初代・井手五郎から受け継がれた「炭鉱の胃袋を満たす」魂の系譜
歴史の原点は1949年、初代である井手五郎が創業した「千秋堂」に遡る。当時、周囲に栄えていた炭鉱で働く男たちは、過酷な肉体労働を乗り切るための強烈な塩分と高カロリーな食事を求めていた。安くて旨く、何より腹一杯になる食事を提供したいという一心で生み出されたのが、野菜がタワーのようにそびえ立つこの大盛りスタイルだった。
その創業の精神を継承し、味の純度をさらに研ぎ澄ませたのが二代目の井手宣明氏だ。効率化やコスト削減を至上命題とする現代の外食産業にあって、有限会社井手ちゃんぽんは鍋を振る職人の技術と手作業の仕込みにこだわり続けている。時代が変わろうとも、一杯にかける熱量だけは創業時のまま変わっていない。
【2026年最新】行列をスマートにかわす時間帯とGoogleマップ攻略法
週末ともなれば1時間以上の待ち時間が発生することも珍しくない聖地だが、地元客や通い慣れたトラックドライバーたちは決して無駄な行列に並ばない。狙い目は、開店直後の10時30分から11時までの30分間、もしくは昼のピークを過ぎた15時30分から16時30分のアイドルタイムだ。このわずかな隙間時間であれば、待つことなくすんなり着席できる確率が跳ね上がる。

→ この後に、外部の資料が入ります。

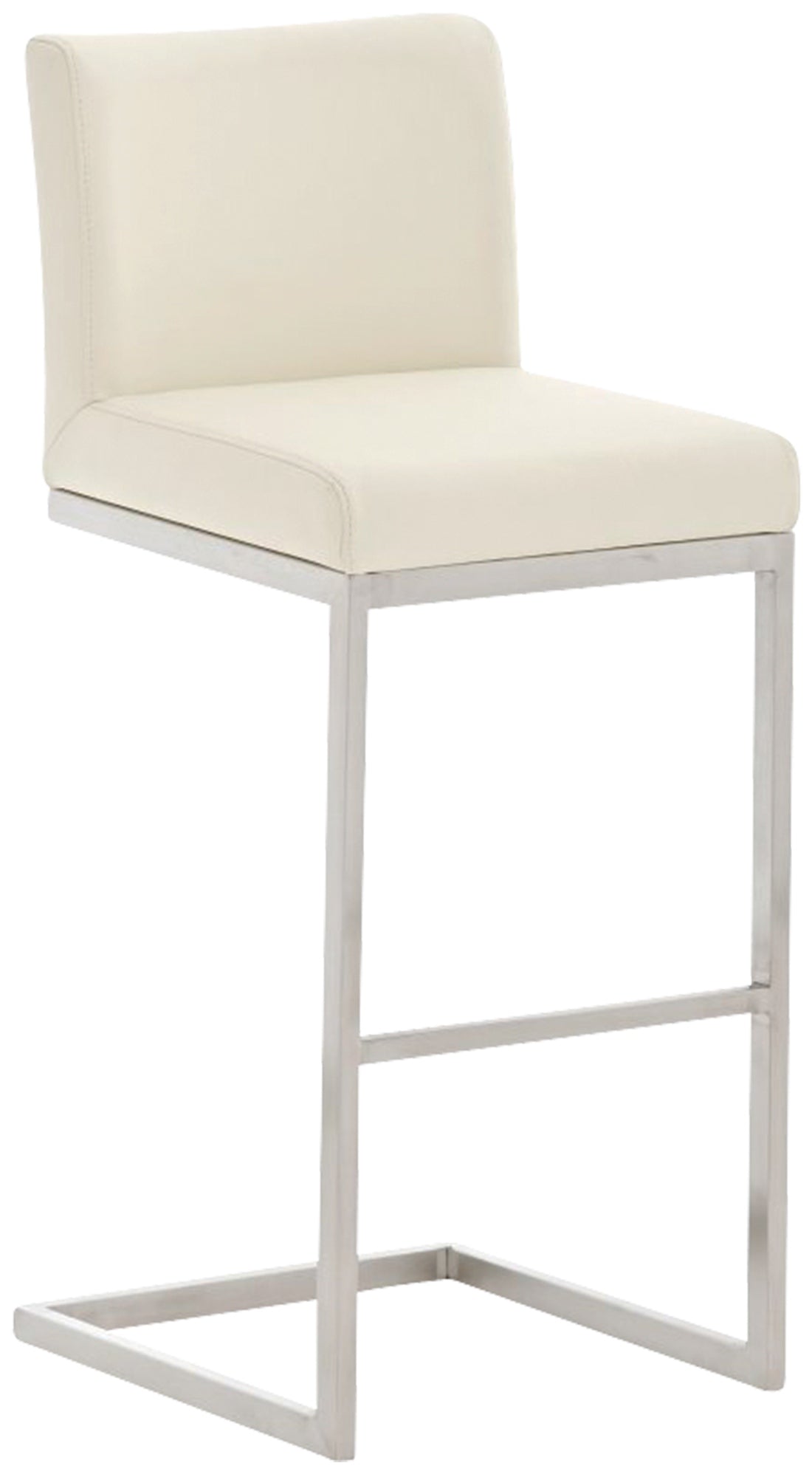 Paros bar stool with faux leather cover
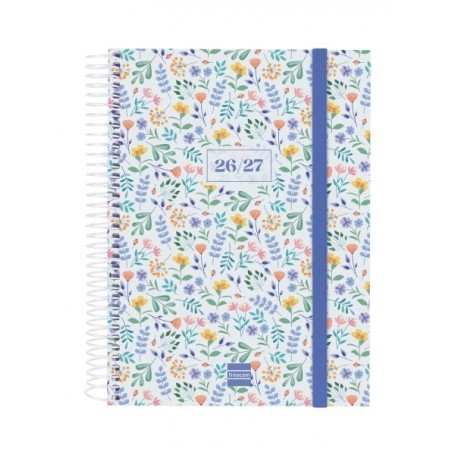 FINOCAM SECUNDARIA AGENDA ESCOLAR 26/27 - 1 DIA POR PAGINA - FORMATO 4º - 155X212MM - TAPAS DE POLIPROPILENO - PAPEL DE 80G/M2 
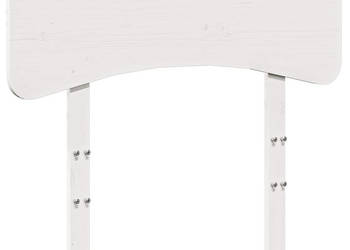 Wezgłowie do łóżka białe 100 cm lite drewno sosnowe WM-844790
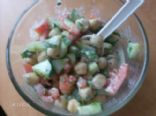 Chickpea salad 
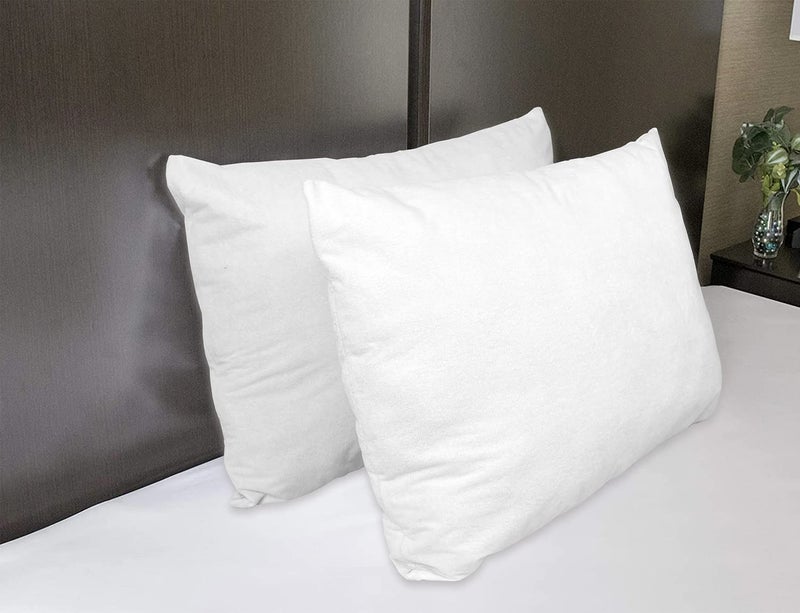 Four Seasons Essenti Standard Pillow Protectors (Set of 2) - Pillow Cover Waterproof Hypoallergenic Dust Proof Zippered Encasement- Cotton Terry  - Image 2
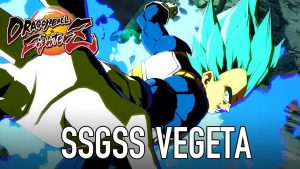 Vegeta Super Sayajin Blue é mostrado em Dragon Ball FighterZ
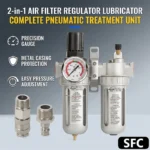 SFC-400 SFC-300 SFC-200 Air Compressor Air Filter Regulator Oil Water Separator Trap Filter Regulator Valve Automatic Drain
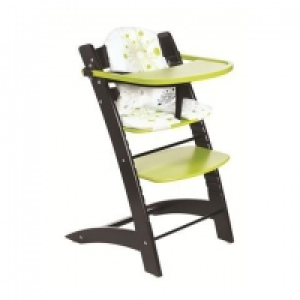 BADABULLE Chaise haute &eacute;volutive en bois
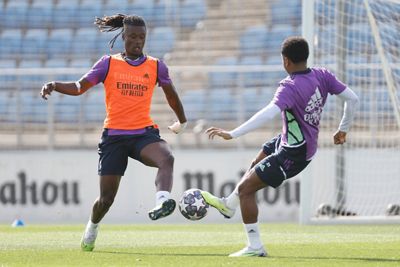 entrenamiento del real madrid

訪問直前にはGoogleマップのリアルタイム混雑状況を確認し、ピンの混み具合をチェックするのが現代のスマートな立ち回りだ。さらに食べログなどの口コミサイトで席の稼働状況や直近の混雑傾向を頭に入れておけば、現地での無駄なタイムロスを完全に排除できる。
常連だけが知る極秘の裏技!特製トッピングと味変カスタム
メニュー表には載っていない、あるいは常連の間で暗黙の了解として親しまれている注文法が存在する。それが「特製ちゃんぽん」に別皿で生卵を追加し、後半にスープへ溶かし込まずに麺と野菜をすき焼き風に絡めて食べる手法だ。ラードの鋭い熱さを卵が優しく包み込み、まるで別次元の濃厚さが口いっぱいに広がる。

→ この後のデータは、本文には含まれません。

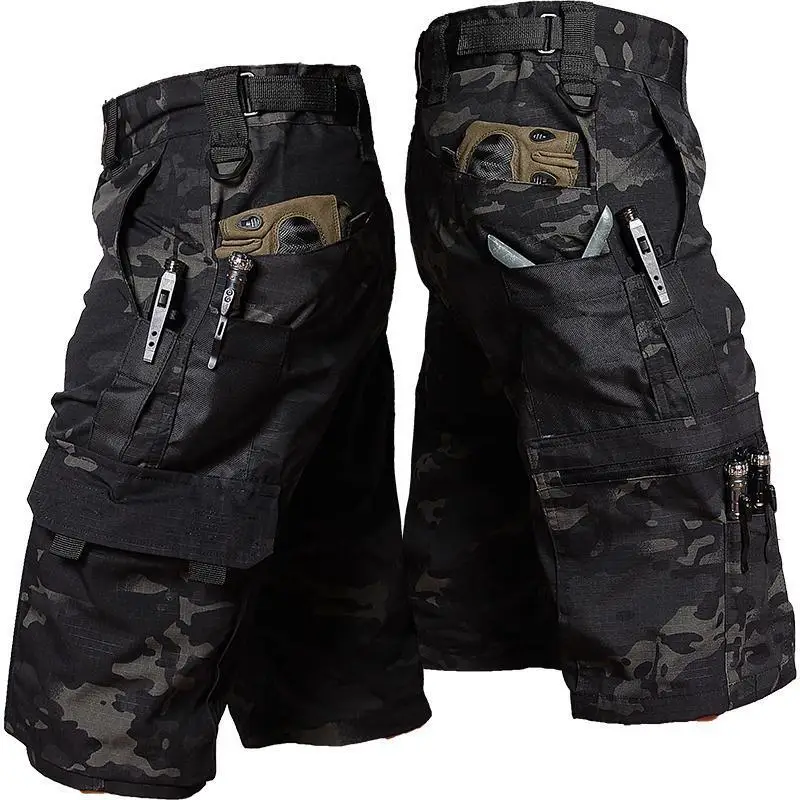 Urban Outdoor Camping - Pantaloni cargo da esterno Pantaloncini tattici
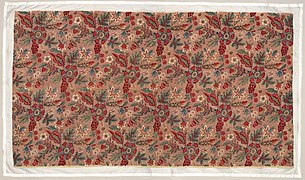 Textile imprimé, fin du XVIIIe siècle ‒ Metropolitan Museum of Art.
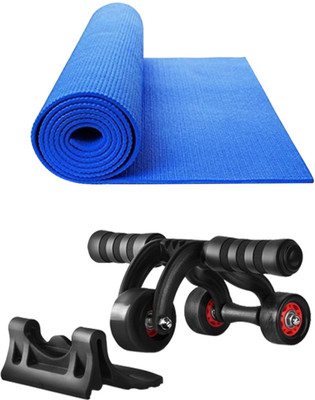 Evana 4MM Exercise Fitness Ab Roller with Yoga mat Gym & Fitness Kit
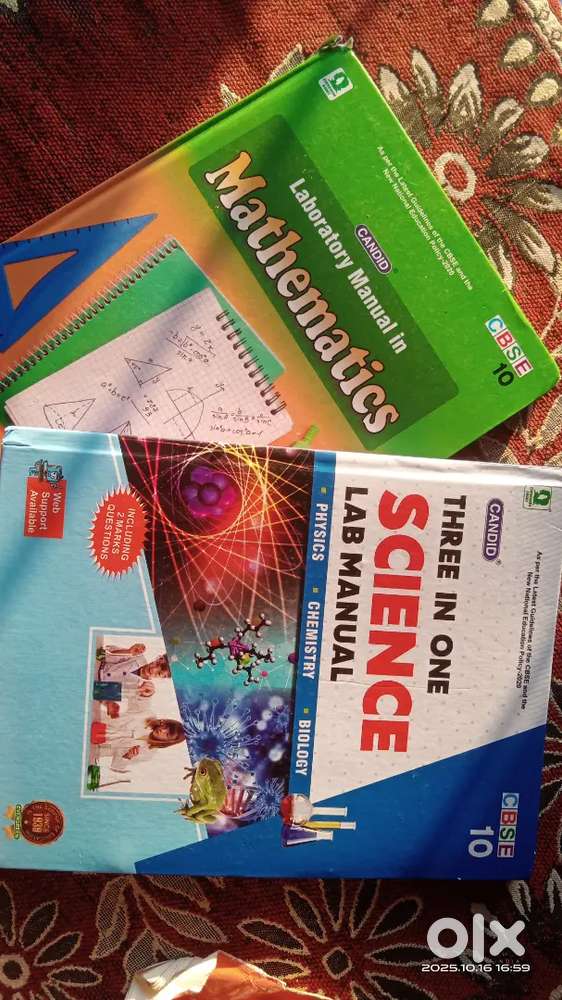 Class 10th both lab manuals science and maths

さらに、卓上のホワイトペッパーを炒め野菜の山に直接振りかける「先がけ胡椒」や、スープが薄まらないように野菜から先に平らげる天地返しのテクニックも知っておきたい。ご飯を一杯頼み、残った濃厚豚骨スープにキクラゲと野菜を少々残した状態で投入する「即席豚骨雑炊」こそ、この店を愛し尽くした者だけが辿り着く禁断の終着駅である。
佐賀県武雄市北方町へ走る理由、武雄温泉と結ぶ至福の麺紀行
店舗が佇むのは、のどかな田園と山並みが広がる佐賀県武雄市北方町。国道34号沿いという決して都会とは言えない立地でありながら、この一杯のためだけに車を走らせる価値がある。ただの食事にとどまらず、旅の目的地として成立しているのが佐賀屈指のご当地グルメたる所以だ。
麺を堪能した後は、車でわずか15分ほどの距離にある武雄温泉へ足を延ばすのが最高のルート設計となる。1300年以上の歴史を誇る名湯の肌触りと、濃厚なちゃんぽんの余韻。この二つが合わさることで、五臓六腑を満たす完璧な九州の旅が完成する。
一杯の丼に宿る熱量、時代を超えて愛される理由
厨房からは今日も小気味よい鍋振りの音が響き、運ばれてくる丼からは白い湯気が立ち昇る。機械化による大量生産がどれほど進もうと、人の手で強火を操り、野菜の瑞々しさを閉じ込める泥臭い調理法に勝るものはない。
丼の底が見えるまでスープを飲み干したとき、胃袋だけでなく心まで満たされるような感覚に包まれる。単なる懐古主義ではない。今この瞬間も進化し続け、訪れる者すべての腹を満たし続ける確固たる誇りが、この武雄の地に力強く息づいている。 (出典: 井手 ちゃんぽん 本店(Yahoo!ニュース))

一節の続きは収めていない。